++++ Exercise data ++++

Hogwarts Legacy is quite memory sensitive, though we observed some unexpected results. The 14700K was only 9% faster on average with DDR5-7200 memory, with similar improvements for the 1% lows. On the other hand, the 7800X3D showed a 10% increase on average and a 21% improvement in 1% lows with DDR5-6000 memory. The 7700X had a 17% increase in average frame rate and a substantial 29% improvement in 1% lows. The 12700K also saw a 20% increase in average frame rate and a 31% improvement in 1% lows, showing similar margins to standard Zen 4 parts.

++++
++++ Exercise data ++++

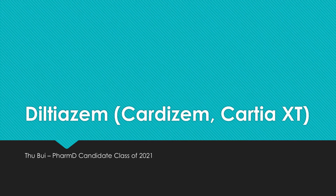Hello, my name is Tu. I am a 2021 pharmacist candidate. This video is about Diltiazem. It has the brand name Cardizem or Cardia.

++++
++++ Exercise data ++++

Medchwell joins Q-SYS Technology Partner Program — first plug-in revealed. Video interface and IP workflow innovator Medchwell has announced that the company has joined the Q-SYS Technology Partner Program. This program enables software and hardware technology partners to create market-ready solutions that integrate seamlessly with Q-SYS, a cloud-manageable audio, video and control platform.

++++

| Brief |
Tally the lines above containing "with"; give only the number.

| Answer space |
2